Bijlage , behorend bij artikel 17 toezichtskosten commerciële mediadiensten

Artikel 1

  • 1. Een commerciële omroepinstelling is per toestemming voor het verzorgen van een omroepdienst jaarlijks aan het Commissariaat een bedrag verschuldigd overeenkomstig de onderstaande tabel in euro’s:

    Tabel 1

    Aantal huishoudens in Nederland dat het programma-aanbod kan ontvangen

    < 25.000

    25.000–50.000

    50.000–100.000

    100.000–500.000

    500.000–1.000.000

    1.000.000–3.000.000

    3.000.000>

    Gemiddelde duur van het verzorgde programma-aanbod per dag in het desbetreffende kalenderjaar

                 

    < 3 uren

    136

    272

    544

    1632

    2448

    3264

    4080

    3 – < 6 uren

    272

    544

    1088

    3264

    4896

    6528

    8160

    6 – < 9 uren

    408

    816

    1632

    4896

    7344

    9792

    12.240

    9 – < 12 uren

    544

    1088

    2176

    6528

    9792

    13.056

    16.320

    12 > uren

    680

    1360

    2720

    8160

    12.240

    16.320

    20.400

  • 2. In afwijking van het eerste lid, gelden per toestemming voor radio-omroep de bedragen van tabel 1 voor vijftig procent met een minimum van € 113.
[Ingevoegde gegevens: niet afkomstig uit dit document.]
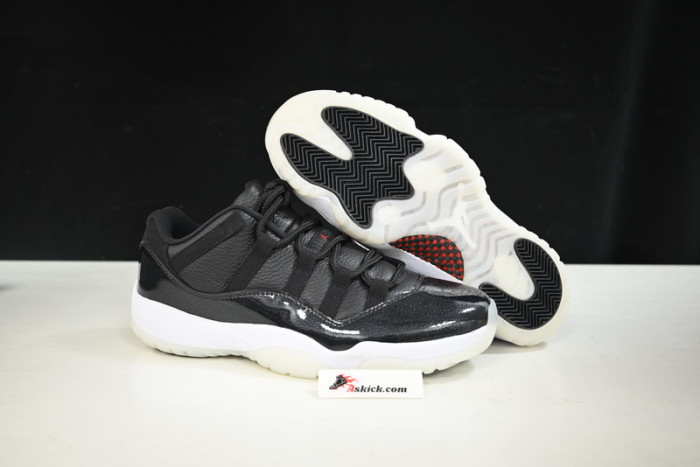 air jordan 11 low “72-10” av2187-001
  • 3. In afwijking van het eerste lid, gelden per toestemming voor televisieomroep die bestaat uit het veelvuldig en aaneensluitend herhalen van programma-aanbod dat uitsluitend of vrijwel uitsluitend bestaat uit stilstaande beelden, de bedragen van tabel 1 voor vijfentwintig procent met een minimum van € 113.
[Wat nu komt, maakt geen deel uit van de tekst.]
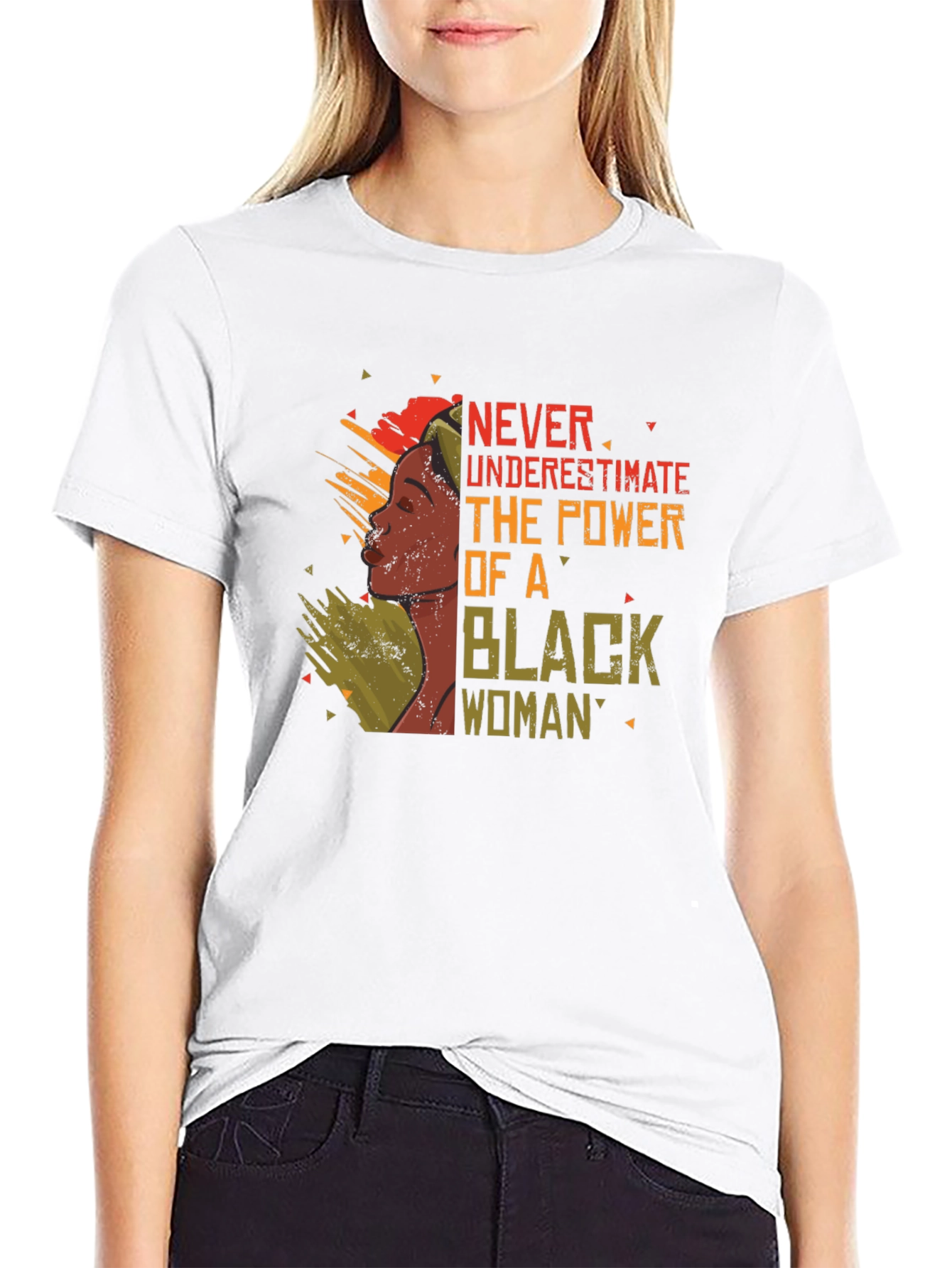 Empowered Black Woman Graphic Tee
  • 4. Als een toestemming in de loop van een kalenderjaar wordt verleend, vervalt of wordt ingetrokken, worden de bedragen in het eerste tot en met derde lid naar evenredigheid van de overgebleven dagen in het kalenderjaar vastgesteld met een minimum van € 113.

Artikel 2

  • 1. In afwijking van artikel 1 van deze bijlage, is een commerciële omroepinstelling per toestemming voor het verzorgen van een omroepdienst die bestaat uit het verspreiden van gecodeerd programma-aanbod verspreid dat bestemd is voor degenen die met de betreffende omroepinstelling een tot de ontvangst van het programma-aanbod strekkende overeenkomst hebben gesloten, jaarlijks een bedrag in euro’s verschuldigd aan het Commissariaat overeenkomstig onderstaande tabel:

    Tabel 2

    Aantal huishoudens in Nederland dat het programma kan ontvangen

    < 10.000

    10.000–50.000

    50.000 >

    Gemiddelde duur van de uitzendingen per dag in het desbetreffende kalenderjaar

         

    < 3 uren

    544

    1632

    4080

    3 – < 6 uren

    1088

    3264

    8160

    6 – < 9 uren

    1632

    4896

    12.240

    9 – < 12 uren

    2176

    6528

    16.320

    12 > uren

    2720

    8160

    20.400

  • 2. Artikel 1, tweede en vierde lid, van deze bijlage zijn van overeenkomstige toepassing op Tabel 2 van het eerste lid.

Artikel 3

Als een commerciële omroepinstelling beschikt over zowel een toestemming waarop artikel 1 van deze bijlage van toepassing is als een toestemming waarop artikel 2 van deze bijlage van toepassing is, en zij het programma-aanbod van beide toestemmingen steeds aansluitend op hetzelfde kanaal van een omroepnet verspreidt, is de omroepinstelling ten hoogste € 20.400 aan toezichtskosten verschuldigd.

Artikel 4

Per mediadienst op aanvraag is jaarlijks een bedrag verschuldigd van € 0.